DAY 5: I'm a YES (Wo)Man! - part 2

Wow, hard to believe this is day 5. I am slowly building up my hand muscles again from all this timed writing.

After a full 9 hours of catch up sleep, my thoughts were much more clear and I was able to focus on the challenge of the day.



Part A: Write for 3 minutes on what you've said 'no' to in the last 12 months. Read it. Then write for 3 minutes on who censors you, what circumstances keep you from saying 'yes'? Read it. Then write for 3 minutes on what YES would look and feel like.

Well, it was very easy to write about what I've said no to because most of it entailed doing good things for myself. And most of it didn't sound like, "No, I need to ..." it sounded more like, "Oh, I can't because I should ..." or "No, I have to ..." Very clever - my censor. My censor is my own desire to make others happy, to avoid conflict or not disappoint others.

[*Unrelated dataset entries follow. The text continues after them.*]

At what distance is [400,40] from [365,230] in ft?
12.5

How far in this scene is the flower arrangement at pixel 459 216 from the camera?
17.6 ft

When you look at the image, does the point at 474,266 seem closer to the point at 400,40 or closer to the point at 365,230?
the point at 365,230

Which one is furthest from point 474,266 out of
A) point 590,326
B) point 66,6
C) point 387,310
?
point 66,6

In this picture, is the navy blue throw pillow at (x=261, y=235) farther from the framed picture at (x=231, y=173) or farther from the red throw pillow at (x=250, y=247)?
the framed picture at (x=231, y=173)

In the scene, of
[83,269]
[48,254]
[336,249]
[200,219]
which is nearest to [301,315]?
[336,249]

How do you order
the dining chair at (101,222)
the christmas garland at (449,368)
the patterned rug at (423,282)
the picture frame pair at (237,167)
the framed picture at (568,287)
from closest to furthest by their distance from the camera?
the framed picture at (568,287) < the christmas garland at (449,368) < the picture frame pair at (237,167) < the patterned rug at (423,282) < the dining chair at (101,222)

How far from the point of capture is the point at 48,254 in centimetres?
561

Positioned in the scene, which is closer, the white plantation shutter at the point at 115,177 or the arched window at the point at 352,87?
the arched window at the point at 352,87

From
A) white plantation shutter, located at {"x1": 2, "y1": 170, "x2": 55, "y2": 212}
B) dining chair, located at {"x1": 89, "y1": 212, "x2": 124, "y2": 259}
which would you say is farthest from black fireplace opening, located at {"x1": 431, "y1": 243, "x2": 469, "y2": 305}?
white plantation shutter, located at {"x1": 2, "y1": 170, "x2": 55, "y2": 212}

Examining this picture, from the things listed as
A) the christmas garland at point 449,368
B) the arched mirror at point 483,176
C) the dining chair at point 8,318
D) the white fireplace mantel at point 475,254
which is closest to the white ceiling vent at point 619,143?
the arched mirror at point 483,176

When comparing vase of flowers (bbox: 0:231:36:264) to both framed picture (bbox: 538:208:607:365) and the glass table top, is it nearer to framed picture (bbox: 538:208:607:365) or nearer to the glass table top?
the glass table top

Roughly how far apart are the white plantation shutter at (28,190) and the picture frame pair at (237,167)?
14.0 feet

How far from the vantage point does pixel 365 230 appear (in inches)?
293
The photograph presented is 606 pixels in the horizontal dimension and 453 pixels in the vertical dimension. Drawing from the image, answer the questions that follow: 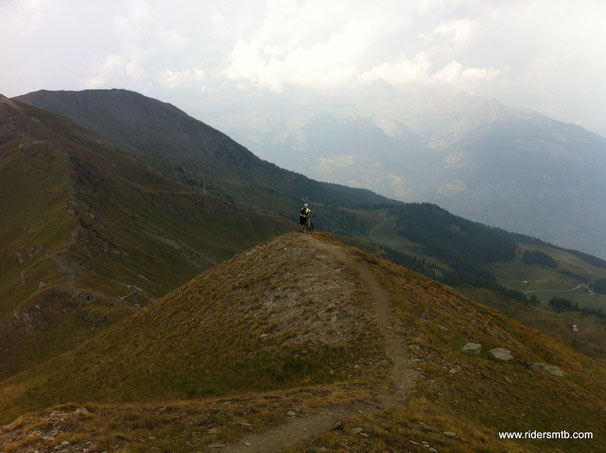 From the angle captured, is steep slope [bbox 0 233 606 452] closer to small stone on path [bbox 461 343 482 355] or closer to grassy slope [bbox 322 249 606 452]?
grassy slope [bbox 322 249 606 452]

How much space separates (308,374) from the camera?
2323cm

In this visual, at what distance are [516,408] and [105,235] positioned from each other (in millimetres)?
121104

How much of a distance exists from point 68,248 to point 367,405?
98889mm

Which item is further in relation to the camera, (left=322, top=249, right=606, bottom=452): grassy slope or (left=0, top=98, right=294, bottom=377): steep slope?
(left=0, top=98, right=294, bottom=377): steep slope

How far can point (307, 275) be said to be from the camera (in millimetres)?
34094

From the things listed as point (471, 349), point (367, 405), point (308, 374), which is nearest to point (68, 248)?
point (308, 374)

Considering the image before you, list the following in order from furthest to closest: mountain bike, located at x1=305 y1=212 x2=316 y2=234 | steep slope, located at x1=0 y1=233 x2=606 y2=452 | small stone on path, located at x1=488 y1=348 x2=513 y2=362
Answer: mountain bike, located at x1=305 y1=212 x2=316 y2=234, small stone on path, located at x1=488 y1=348 x2=513 y2=362, steep slope, located at x1=0 y1=233 x2=606 y2=452

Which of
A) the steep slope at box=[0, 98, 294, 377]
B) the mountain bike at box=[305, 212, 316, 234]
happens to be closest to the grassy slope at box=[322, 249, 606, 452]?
the mountain bike at box=[305, 212, 316, 234]

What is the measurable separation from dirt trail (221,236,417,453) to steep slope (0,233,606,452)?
0.33ft

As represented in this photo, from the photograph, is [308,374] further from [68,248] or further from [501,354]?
[68,248]

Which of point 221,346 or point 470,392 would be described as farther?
point 221,346

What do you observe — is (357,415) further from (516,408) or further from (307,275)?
(307,275)

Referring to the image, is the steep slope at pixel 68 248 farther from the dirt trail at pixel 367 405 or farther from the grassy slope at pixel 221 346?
the dirt trail at pixel 367 405

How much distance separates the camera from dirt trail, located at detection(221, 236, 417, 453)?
1459cm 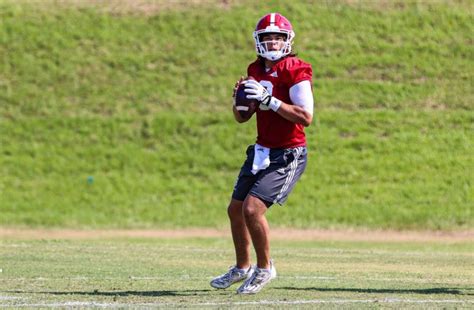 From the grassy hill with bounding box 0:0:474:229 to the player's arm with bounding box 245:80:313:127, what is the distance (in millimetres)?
21974

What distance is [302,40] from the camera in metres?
42.8

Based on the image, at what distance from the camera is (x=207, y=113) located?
38.9 m

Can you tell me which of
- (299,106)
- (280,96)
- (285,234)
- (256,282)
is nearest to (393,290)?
(256,282)

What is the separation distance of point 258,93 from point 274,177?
2.72 feet

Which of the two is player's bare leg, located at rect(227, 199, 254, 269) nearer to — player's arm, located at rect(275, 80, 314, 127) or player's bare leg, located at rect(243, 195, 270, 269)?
player's bare leg, located at rect(243, 195, 270, 269)

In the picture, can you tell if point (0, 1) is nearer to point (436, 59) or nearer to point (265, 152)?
point (436, 59)

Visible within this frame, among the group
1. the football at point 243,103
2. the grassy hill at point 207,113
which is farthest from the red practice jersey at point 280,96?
the grassy hill at point 207,113

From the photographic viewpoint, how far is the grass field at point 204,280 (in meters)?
9.38

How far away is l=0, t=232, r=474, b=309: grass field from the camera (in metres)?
9.38

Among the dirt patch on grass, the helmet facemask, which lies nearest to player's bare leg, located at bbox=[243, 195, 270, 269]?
the helmet facemask

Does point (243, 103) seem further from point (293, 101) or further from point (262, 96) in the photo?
point (293, 101)

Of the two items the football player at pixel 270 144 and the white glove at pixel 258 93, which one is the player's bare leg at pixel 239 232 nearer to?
the football player at pixel 270 144

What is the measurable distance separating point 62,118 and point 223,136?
5.64 metres

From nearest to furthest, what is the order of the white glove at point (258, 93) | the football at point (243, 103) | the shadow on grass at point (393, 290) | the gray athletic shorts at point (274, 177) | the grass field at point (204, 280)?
the grass field at point (204, 280) → the white glove at point (258, 93) → the football at point (243, 103) → the gray athletic shorts at point (274, 177) → the shadow on grass at point (393, 290) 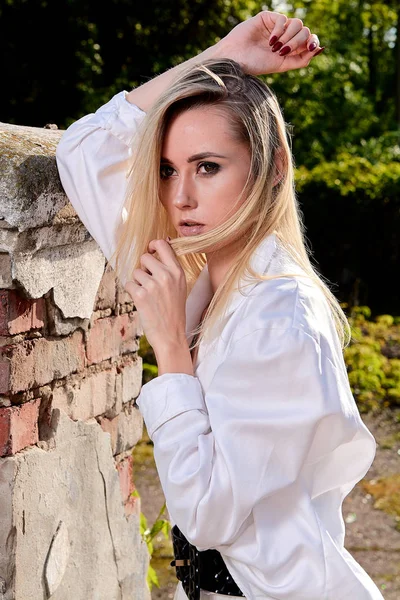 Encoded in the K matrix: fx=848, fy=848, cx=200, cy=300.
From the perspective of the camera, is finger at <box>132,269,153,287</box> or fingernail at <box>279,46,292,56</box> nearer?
finger at <box>132,269,153,287</box>

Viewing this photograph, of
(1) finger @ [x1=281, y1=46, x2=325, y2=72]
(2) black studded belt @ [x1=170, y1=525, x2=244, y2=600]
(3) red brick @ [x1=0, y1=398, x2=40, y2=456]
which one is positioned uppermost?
(1) finger @ [x1=281, y1=46, x2=325, y2=72]

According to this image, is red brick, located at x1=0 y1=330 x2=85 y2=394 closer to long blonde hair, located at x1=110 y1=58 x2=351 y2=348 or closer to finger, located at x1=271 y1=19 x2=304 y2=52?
long blonde hair, located at x1=110 y1=58 x2=351 y2=348

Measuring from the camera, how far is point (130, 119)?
2.21 metres

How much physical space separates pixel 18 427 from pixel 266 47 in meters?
1.14

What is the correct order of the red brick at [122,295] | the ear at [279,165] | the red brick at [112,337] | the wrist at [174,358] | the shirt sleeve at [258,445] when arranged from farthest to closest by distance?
the red brick at [122,295], the red brick at [112,337], the ear at [279,165], the wrist at [174,358], the shirt sleeve at [258,445]

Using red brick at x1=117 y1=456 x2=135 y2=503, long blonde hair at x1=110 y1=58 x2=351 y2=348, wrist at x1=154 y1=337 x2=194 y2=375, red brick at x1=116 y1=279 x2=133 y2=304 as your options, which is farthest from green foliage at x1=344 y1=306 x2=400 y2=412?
wrist at x1=154 y1=337 x2=194 y2=375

The result is denying myself something and then waiting until the chance comes again or putting it down to poor planning.

I imagine I am not alone in this way of thinking and behaving. So many of us were taught to address other's needs first (especially mothers and occassionally fathers, or middle children!). It is difficult to make the realization that not taking care of one's own needs eventually affects our ability to take care of others.

It's a cycle. One that perpetuates itself through our children.

My favorite part of this exercise was the last. Describing how 'Yes' would look and feel. That was amazing. The vision of a bird flying over the mountains - soaring, gliding. Then another vision of a giant sea turtle flowing through the water. Then another vision of being in a kayak, propelling myself, balancing on the water. All these images are so powerful, freeing. Strong.



THAT is what it should feel like to say 'Yes', because it is a choice that brings you something, or gives others permission to take care of themselves too. To not worry how others will judge them. To not worry about failing.

Part B: Say 'YES' for the next 37 days to as much as possible.

Be creative when you need to say 'no' and try saying it in a 'yes' instead. Say, 'Yes, thank you for that piece of cake, my children will really enjoy it.' or 'Yes, I would really enjoy a massage, but I will schedule it for next week, because this week I am busy."



Give yourself permission - to fly or to fail. It's all good. YES. It's a very powerful word.